Dean Sittig, Ph.D., a leading expert on clinical decision support tools, and Ryan Radecki, MD, argue that if particular features were added to inpatient EHRs, hospitals would more easily be able to achieve the Joint Commission's safety goals. This year, the NPSG priorities for hospital quality improvement initiatives include patient identification, staff communication, medication labeling, infection control practices, medication reconciliation and interactions, and mitigation of suicide risks.
The commentary points out that both the Joint Commission and the Centers for Medicare and Medicaid Services (CMS) are pushing the safety agenda very hard right now. CMS recently announced its $1 billion Partnership for Patients safety program, designed to reduce hospital-acquired conditions and readmissions.
Sittig and Radecki have some very specific recommendations for how to use clinical decision support (CDS) to achieve the 2011 NPSGs. Here are some of them:
Patient identification. EHRs should require clinicians to enter a patient's initials or their date of birth before order completion, because doctors frequently fail to adequately confirm a patient's identity before they sign orders. In addition, bar-code medication administration (BCMA) systems should be used in hospital pharmacies and at the point of care to ensure that patients receive the proper medications or blood products.
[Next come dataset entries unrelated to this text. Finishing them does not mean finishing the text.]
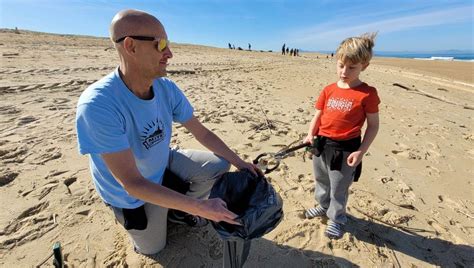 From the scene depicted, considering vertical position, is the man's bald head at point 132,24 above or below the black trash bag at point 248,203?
above

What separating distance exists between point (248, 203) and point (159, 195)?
0.61 m

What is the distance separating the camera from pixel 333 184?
251 cm

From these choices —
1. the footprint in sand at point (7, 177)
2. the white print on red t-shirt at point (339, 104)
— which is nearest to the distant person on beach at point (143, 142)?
the white print on red t-shirt at point (339, 104)

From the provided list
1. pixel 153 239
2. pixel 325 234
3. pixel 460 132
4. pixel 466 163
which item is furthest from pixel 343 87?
pixel 460 132

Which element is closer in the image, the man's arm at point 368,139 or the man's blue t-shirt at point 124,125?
the man's blue t-shirt at point 124,125

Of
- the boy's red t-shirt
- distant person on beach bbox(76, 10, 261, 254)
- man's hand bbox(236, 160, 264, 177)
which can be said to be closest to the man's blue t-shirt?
distant person on beach bbox(76, 10, 261, 254)

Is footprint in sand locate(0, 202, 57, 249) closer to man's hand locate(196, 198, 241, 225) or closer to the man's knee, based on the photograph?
the man's knee

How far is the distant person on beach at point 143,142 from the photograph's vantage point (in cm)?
168

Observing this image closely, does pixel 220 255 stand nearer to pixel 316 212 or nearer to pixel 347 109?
pixel 316 212

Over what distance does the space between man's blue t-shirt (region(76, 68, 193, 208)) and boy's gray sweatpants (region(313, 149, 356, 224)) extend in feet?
4.05

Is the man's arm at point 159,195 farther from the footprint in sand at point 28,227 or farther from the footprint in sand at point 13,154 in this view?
the footprint in sand at point 13,154

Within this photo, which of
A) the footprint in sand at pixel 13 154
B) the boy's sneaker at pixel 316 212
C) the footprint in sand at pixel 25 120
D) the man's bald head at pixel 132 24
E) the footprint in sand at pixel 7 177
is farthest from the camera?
the footprint in sand at pixel 25 120

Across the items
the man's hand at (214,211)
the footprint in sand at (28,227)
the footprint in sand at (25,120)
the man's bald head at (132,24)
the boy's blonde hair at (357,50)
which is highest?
the man's bald head at (132,24)

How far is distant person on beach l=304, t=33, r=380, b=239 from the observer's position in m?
2.30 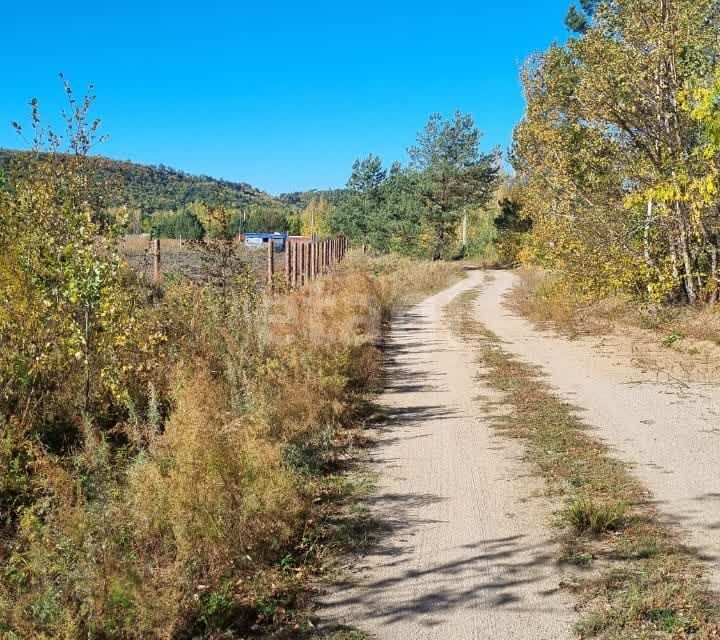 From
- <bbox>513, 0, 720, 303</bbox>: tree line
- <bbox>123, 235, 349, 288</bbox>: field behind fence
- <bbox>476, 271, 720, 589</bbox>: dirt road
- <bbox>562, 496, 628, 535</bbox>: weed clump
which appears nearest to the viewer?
<bbox>562, 496, 628, 535</bbox>: weed clump

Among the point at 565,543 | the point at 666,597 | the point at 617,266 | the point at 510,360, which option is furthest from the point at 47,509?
the point at 617,266

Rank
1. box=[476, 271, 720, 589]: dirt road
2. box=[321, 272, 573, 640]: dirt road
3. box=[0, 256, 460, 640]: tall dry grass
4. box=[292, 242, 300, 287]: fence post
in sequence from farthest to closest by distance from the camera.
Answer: box=[292, 242, 300, 287]: fence post
box=[476, 271, 720, 589]: dirt road
box=[321, 272, 573, 640]: dirt road
box=[0, 256, 460, 640]: tall dry grass

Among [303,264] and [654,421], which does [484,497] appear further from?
[303,264]

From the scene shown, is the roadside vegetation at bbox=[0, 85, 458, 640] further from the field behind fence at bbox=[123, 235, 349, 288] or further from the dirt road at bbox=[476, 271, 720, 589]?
the dirt road at bbox=[476, 271, 720, 589]

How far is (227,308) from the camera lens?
962 centimetres

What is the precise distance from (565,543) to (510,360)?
23.9ft

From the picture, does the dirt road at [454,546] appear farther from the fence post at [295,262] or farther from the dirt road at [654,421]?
the fence post at [295,262]

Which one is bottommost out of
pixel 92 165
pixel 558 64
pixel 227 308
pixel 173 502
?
pixel 173 502

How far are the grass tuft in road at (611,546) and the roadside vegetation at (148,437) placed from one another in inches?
66.7

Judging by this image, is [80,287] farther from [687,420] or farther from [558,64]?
[558,64]

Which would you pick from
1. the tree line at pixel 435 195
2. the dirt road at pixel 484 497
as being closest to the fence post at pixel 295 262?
the dirt road at pixel 484 497

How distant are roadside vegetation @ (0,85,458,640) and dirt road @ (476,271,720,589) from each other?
2.64 metres

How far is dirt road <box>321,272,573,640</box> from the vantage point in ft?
12.5

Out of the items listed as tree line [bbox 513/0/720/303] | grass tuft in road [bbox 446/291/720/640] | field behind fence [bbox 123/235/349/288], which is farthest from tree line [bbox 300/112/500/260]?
grass tuft in road [bbox 446/291/720/640]
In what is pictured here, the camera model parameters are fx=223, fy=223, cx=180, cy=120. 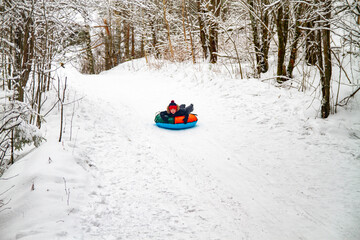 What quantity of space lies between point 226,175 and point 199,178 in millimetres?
423

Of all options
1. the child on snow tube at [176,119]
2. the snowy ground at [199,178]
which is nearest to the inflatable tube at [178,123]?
the child on snow tube at [176,119]

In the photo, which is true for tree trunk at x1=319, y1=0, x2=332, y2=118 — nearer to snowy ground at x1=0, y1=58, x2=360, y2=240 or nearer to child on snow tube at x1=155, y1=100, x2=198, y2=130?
snowy ground at x1=0, y1=58, x2=360, y2=240

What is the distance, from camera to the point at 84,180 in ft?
10.0

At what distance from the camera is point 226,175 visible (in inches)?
133

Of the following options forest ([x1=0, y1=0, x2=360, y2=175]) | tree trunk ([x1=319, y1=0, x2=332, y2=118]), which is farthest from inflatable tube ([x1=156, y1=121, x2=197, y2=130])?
tree trunk ([x1=319, y1=0, x2=332, y2=118])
Staff communication. Current EHRs include automatic alerts to ensure that abnormal test results are brought to physicians' attention right away. But the authors say that isn't enough because of interruptions and "alert fatigue." They suggest requiring clinicians to acknowledge these alerts within a certain time frame.
Safe use of medications. The application of "contextual CDS" within computerized physician order entry, along with BCMA, can help assure that the right patient gets the right dose of the right medication at the right time. In addition, the authors caution that all of these tools must fit into clinical workflow, or they'll be ignored.
Infection prevention. EHRs can be used both to reduce overall infection rates and to track the spread of multi-drug-resistant organisms. Checklists can also be helpful in improving compliance with infection control behavior, Sittig and Radecki note. Interestingly, they don't mention infection surveillance software.
Medication reconciliation. The use of EHRs to reduce the risk from duplicate medications and drug interactions is the best example of how the NPSGs might be aligned with Meaningful Use, the authors say. But systems must be interoperable to help clinicians compile meaningful, up-to-date medication lists.
Suicide risk. EHRs offer several possibilities for identifying patients at risk of suicide, including checklists and routine screening for depression.
The authors caution that, even if EHRs contain the recommended features, the incorporation of these components into clinical workflow and the proper training of clinicians are essential to improve patient safety.
EHR vendors support Sittig and Radecki's concept. "The essence of what they're talking about is where most progressive EHRs are headed today," said Charlie Jarvis, vice president of healthcare services and government relations for NextGen, and vice chair of the EHR Association.
The EHR Association also has no objections to including safety features in MU and EHR certification criteria, Jarvis said. "Once you agree on a program [of safety enhancements], that's the logical way to go. We need a standard mechanism for comparing products. As stage 1 of Meaningful Use has shown, Meaningful Use is a good mechanism, so we should go in that direction."
But EHRs should not be overloaded with features that make them difficult to use, he added. "We have to review these things in a detailed way and make sure that we're not boiling the ocean to get at a little bit of seaweed."